Stored records:
--------------------
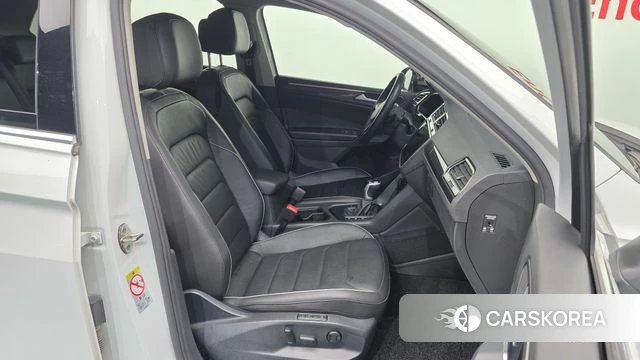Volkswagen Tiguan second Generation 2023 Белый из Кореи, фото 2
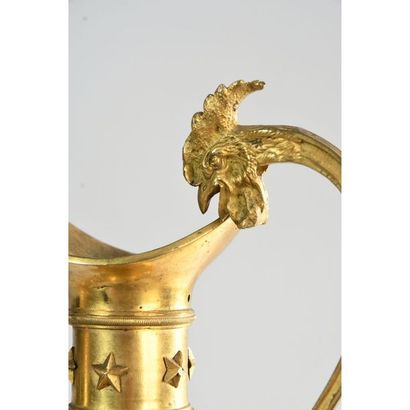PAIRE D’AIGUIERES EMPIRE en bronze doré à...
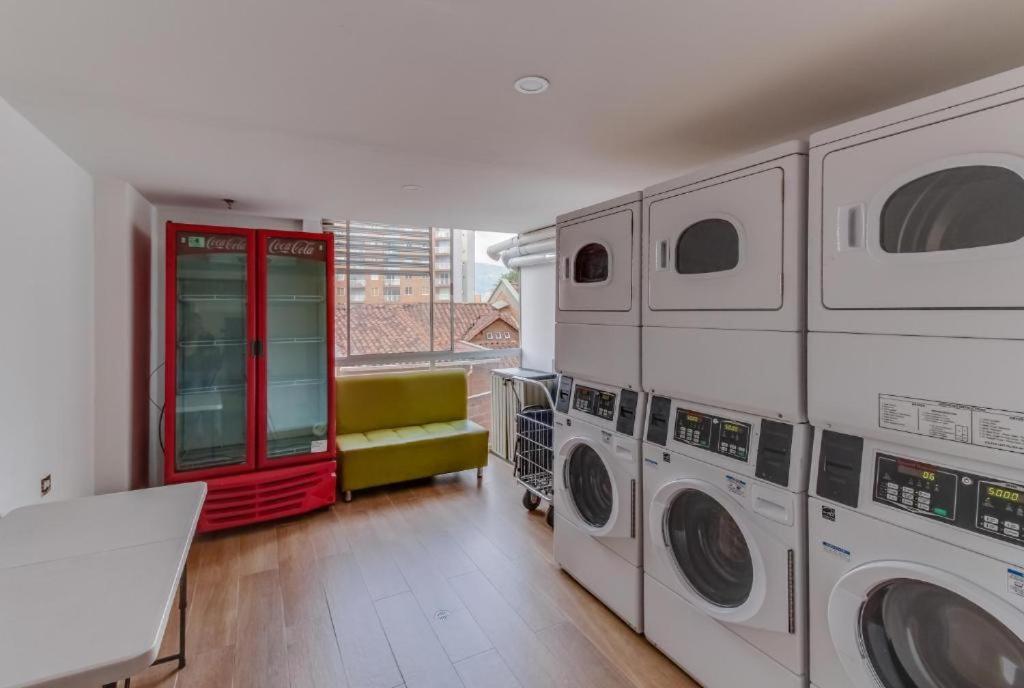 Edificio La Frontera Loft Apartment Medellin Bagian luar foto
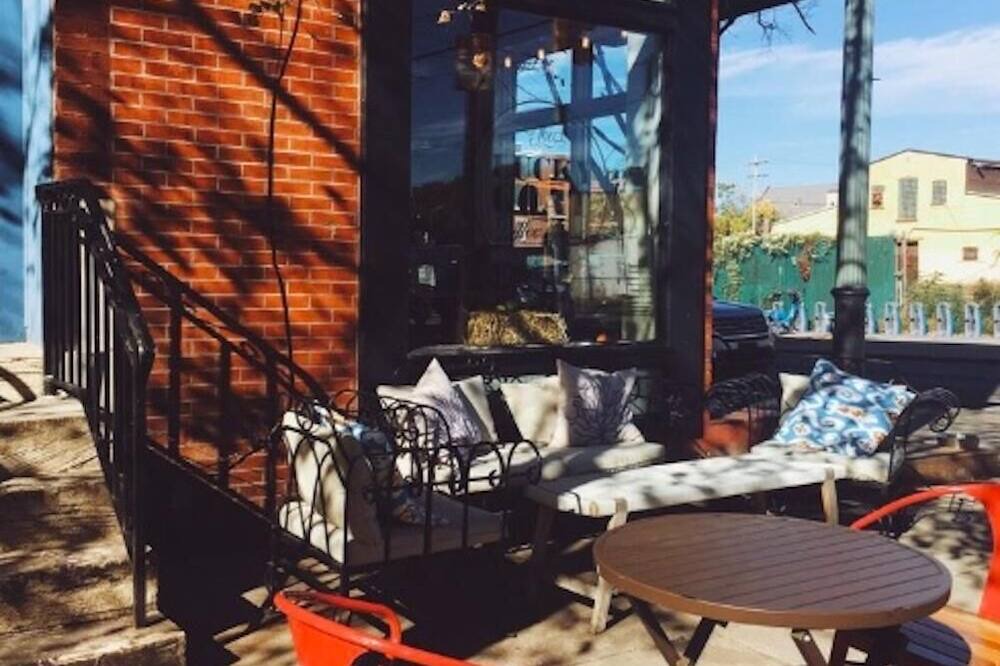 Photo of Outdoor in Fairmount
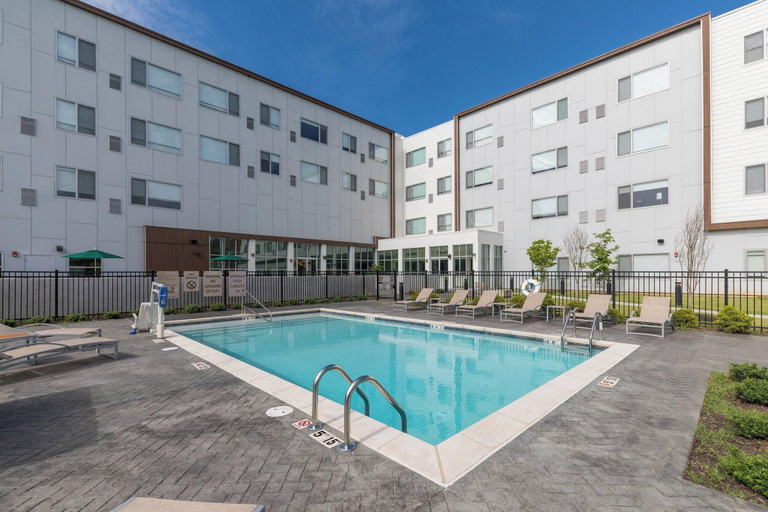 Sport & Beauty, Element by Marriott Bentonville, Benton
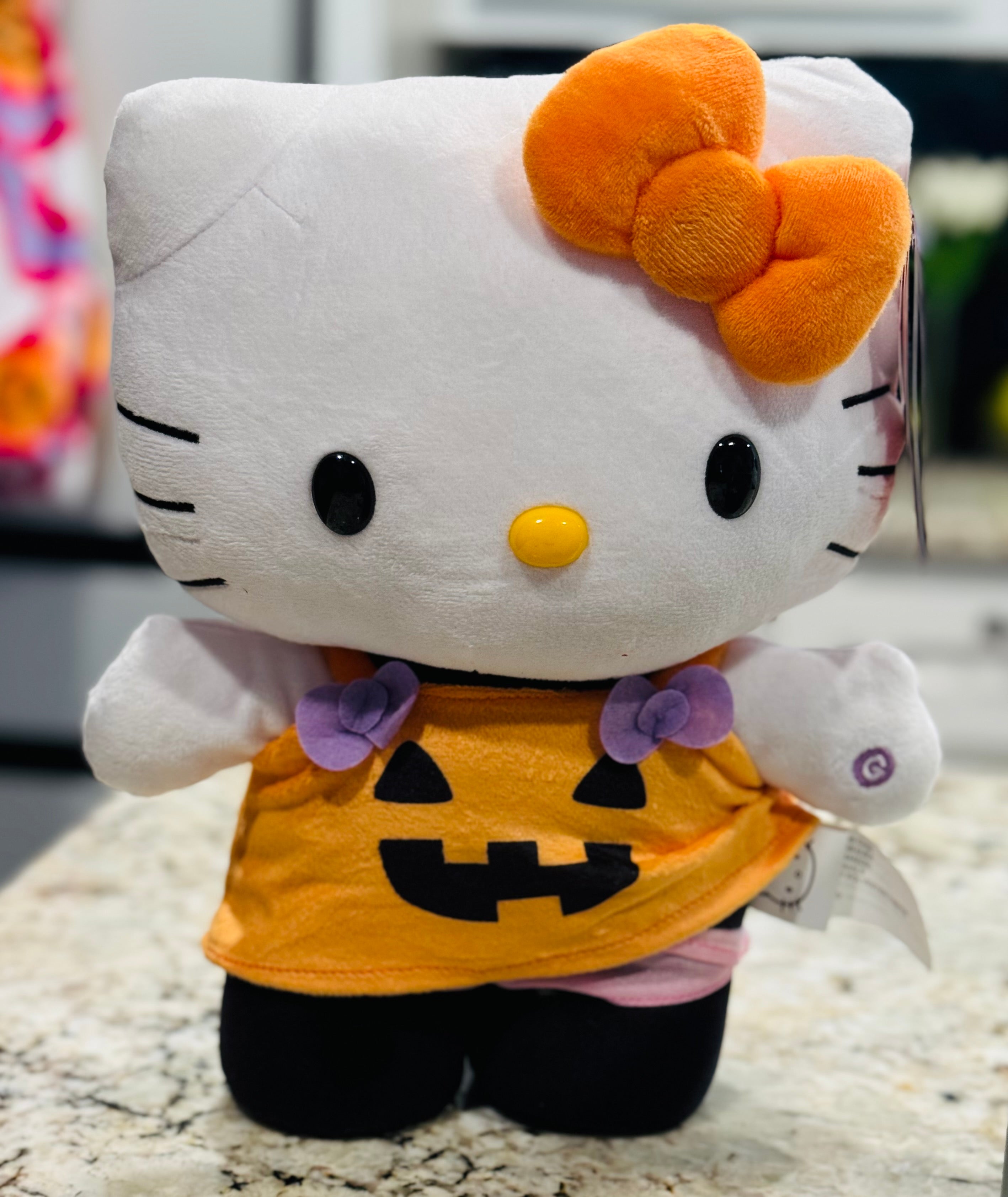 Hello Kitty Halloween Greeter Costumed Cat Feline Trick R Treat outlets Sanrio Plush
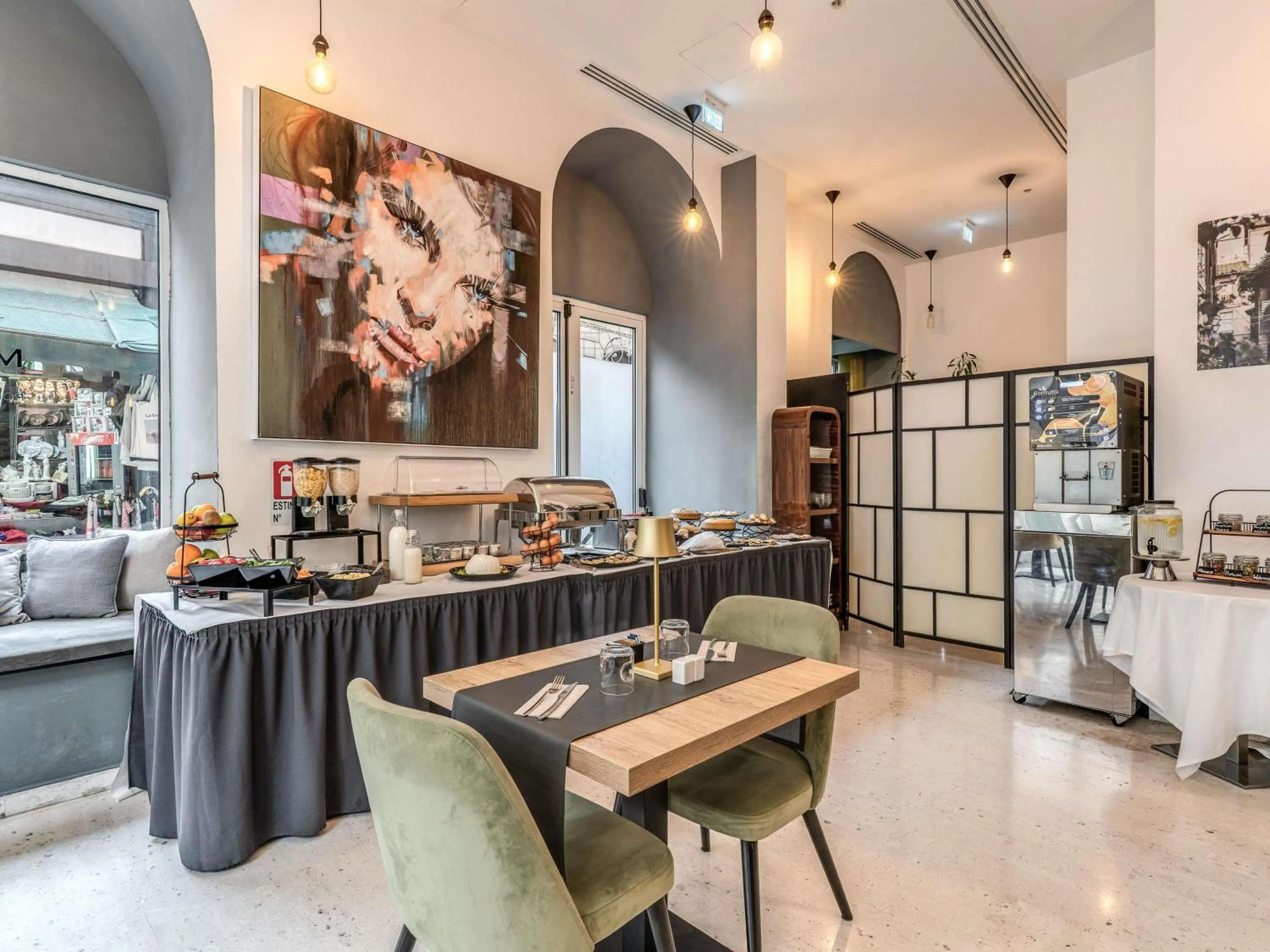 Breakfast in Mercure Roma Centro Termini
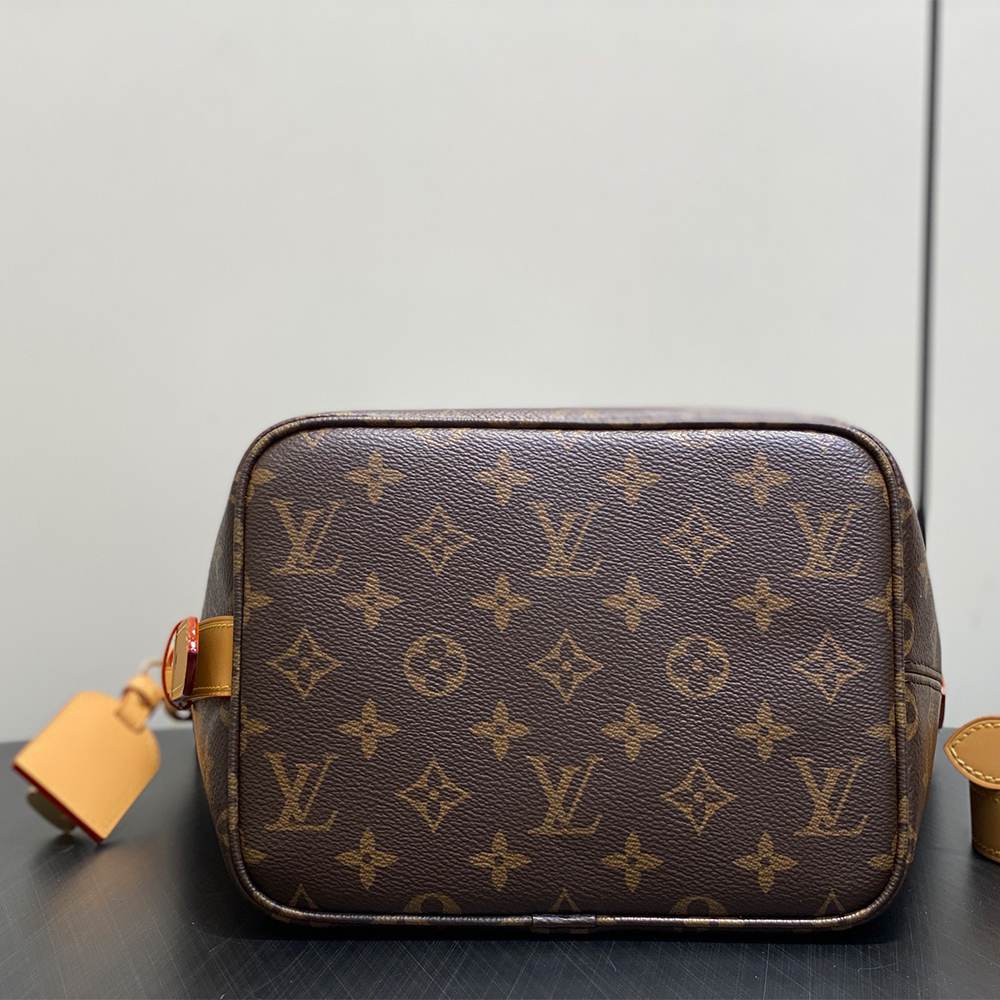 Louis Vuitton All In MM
--------------------
Copy each record exactly. Leave any images out of the copy.

— RESPONSE —
Volkswagen Tiguan second Generation 2023 Белый из Кореи, фото 2
PAIRE D’AIGUIERES EMPIRE en bronze doré à...
 Edificio La Frontera Loft Apartment Medellin Bagian luar foto
 Photo of Outdoor in Fairmount
 Sport & Beauty, Element by Marriott Bentonville, Benton
 Hello Kitty Halloween Greeter Costumed Cat Feline Trick R Treat outlets Sanrio Plush
 Breakfast in Mercure Roma Centro Termini
 Louis Vuitton All In MM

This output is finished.